Restate the data below word for word. Skip any images it contains.

**DATA**

━━━━━━━━━━

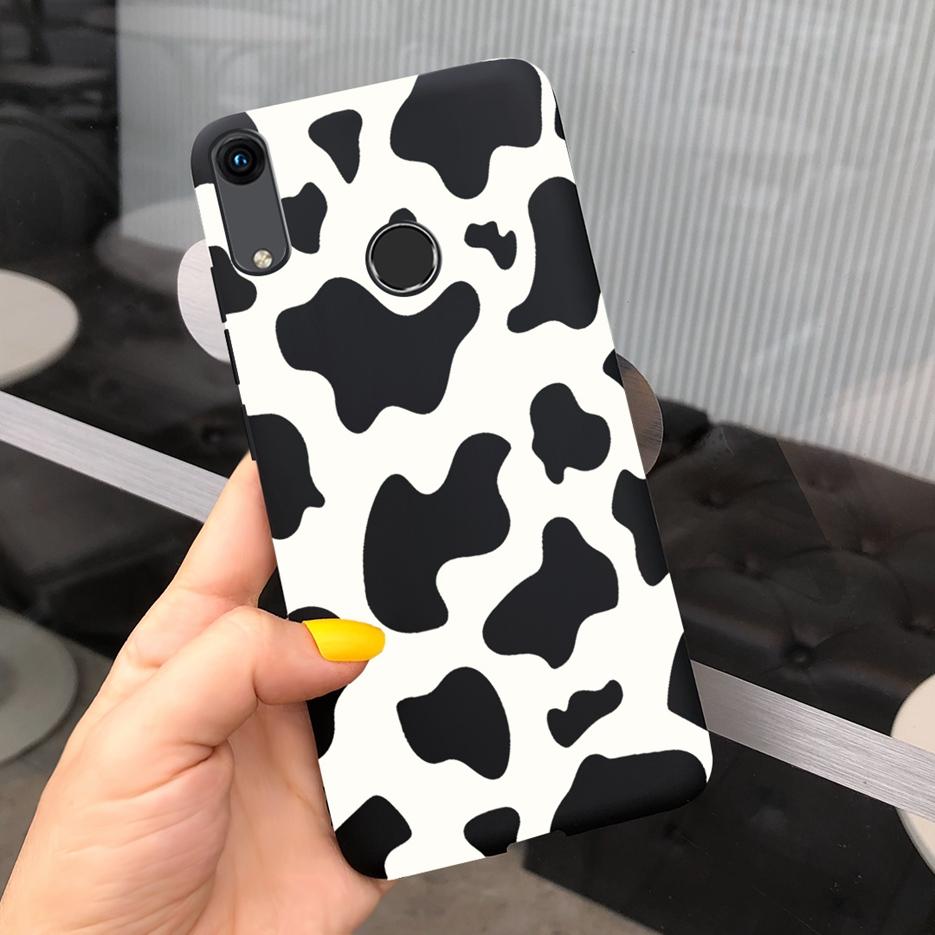 For Huawei Y6s 2019 Case Honor 8A Soft Silicone Cartoon Flowers Phone Protective Shell For Huawei Y6s 2019 Honor8A Fundas Bumper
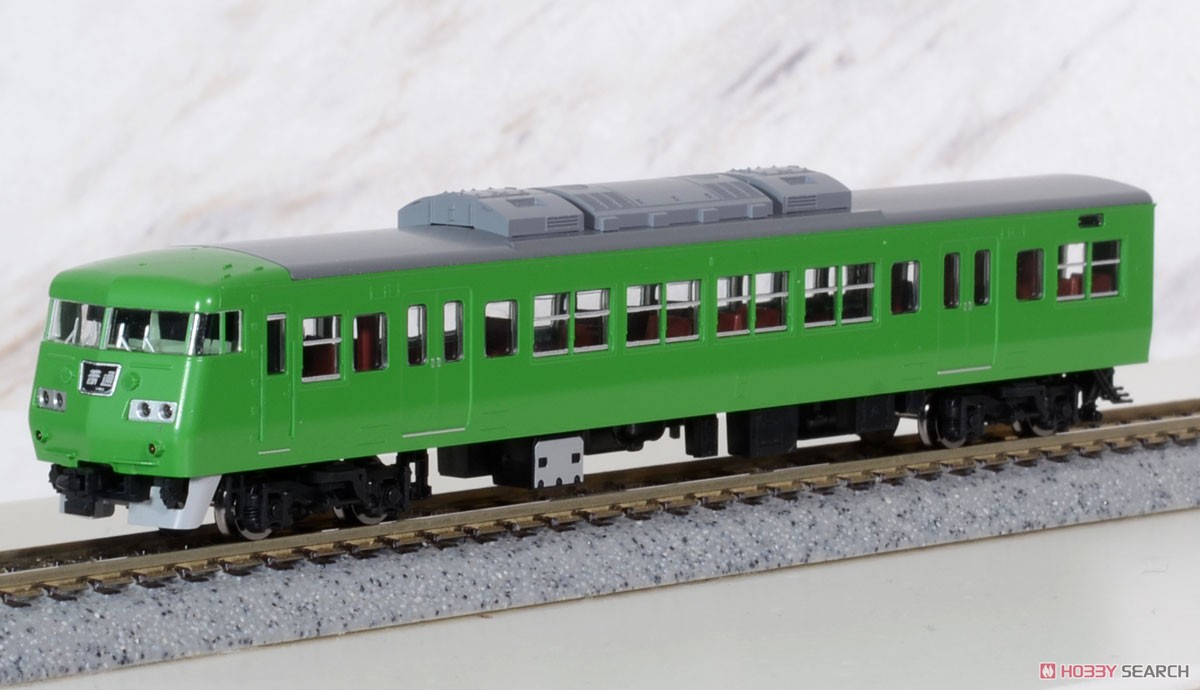 JR 117-300系 近郊電車 (緑色) セット (6両セット) (鉄道模型) 商品画像3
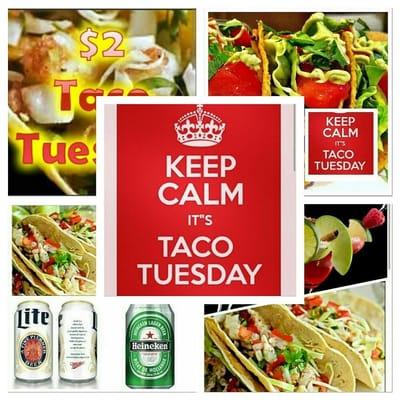 Every Tuesday is TACO Tuesday!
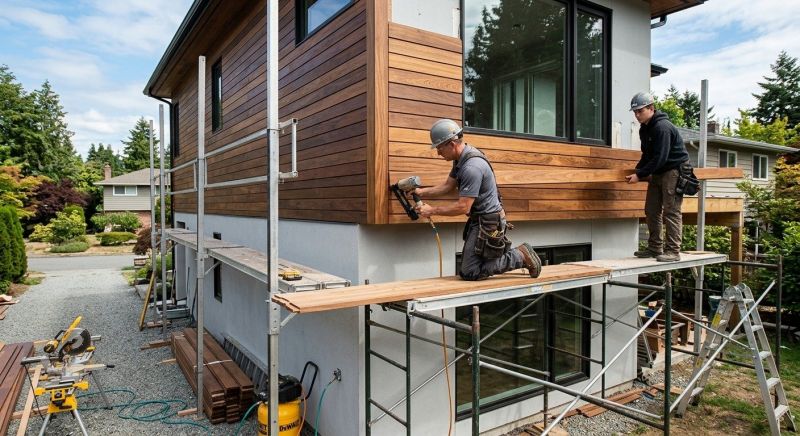 Hardwood Siding Installation in Hilliard, FL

━━━━━━━━━━

**SOLUTION TO THE EXERCISE**
 For Huawei Y6s 2019 Case Honor 8A Soft Silicone Cartoon Flowers Phone Protective Shell For Huawei Y6s 2019 Honor8A Fundas Bumper
 JR 117-300系 近郊電車 (緑色) セット (6両セット) (鉄道模型) 商品画像3
 Every Tuesday is TACO Tuesday!
 Hardwood Siding Installation in Hilliard, FL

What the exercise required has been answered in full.